En cuanto al transporte público, que debería ser la columna vertebral de la movilidad urbana, el discurso de prioridad choca con una realidad de saturación. Metrobús, Metro y trolebuses eléctricos representan esfuerzos claros por mover a más personas con menos autos, pero la experiencia diaria para millones de usuarios sigue siendo incómoda, lenta y, en horas pico, extenuante. Carriles exclusivos invadidos, estaciones rebasadas y falta de integración real entre sistemas hacen que, aunque el transporte público tenga prioridad en la ley, no siempre la tenga en el diseño ni en la operación cotidiana.
El automóvil particular, que teóricamente ocupa el último lugar, continúa siendo el gran beneficiado del modelo urbano. La mayoría del espacio vial sigue destinado a su circulación y estacionamiento, incluso en zonas con alta densidad peatonal. Cuando se implementan medidas que le restan espacio —carriles bus, ciclovías, reducción de carriles— la resistencia social y política suele ser inmediata. Esto revela una tensión central: la jerarquía existe como principio, pero no siempre como consenso cultural.
Entonces, ¿funciona la Jerarquía de la Movilidad? La respuesta corta es: funciona a medias. Ha logrado cambiar el lenguaje, orientar políticas públicas y justificar intervenciones que hace 15 o 20 años habrían sido impensables. Hoy se habla de peatones, ciclistas y usuarios del transporte público como sujetos de derechos, no como estorbos del tráfico. Eso no es menor.
Pero en la práctica cotidiana, la jerarquía aún compite contra décadas de ciudad pensada para el auto. Mientras cruzar la calle siga siendo más riesgoso que manejar, mientras la bici dependa del valor individual del ciclista y mientras el transporte público no sea consistentemente digno y eficiente, la prioridad seguirá siendo más aspiracional que real.

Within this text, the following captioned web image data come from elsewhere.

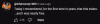 1750012964859.png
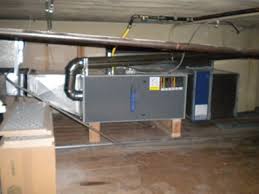 Vent positioning, pressure switch location and drain locations shall be performed in accordance with instructions in the appropriate sections of this manual. Honeywell Archives Page 3 Of 4 Alpine Heating And Cooling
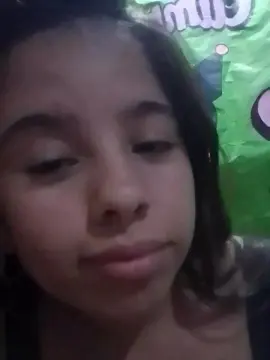 Cam4 Sex Chat of juliasexy22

La Jerarquía de la Movilidad no es un interruptor que se prende de un día para otro, sino un proceso lento de redistribución del espacio, del presupuesto y, sobre todo, de las costumbres. Funciona como brújula, no como garantía. La pregunta ya no es si es una buena idea, sino cuánto estamos dispuestos, como ciudad, a sostenerla cuando incomoda al automóvil y exige cambios profundos en la forma de movernos.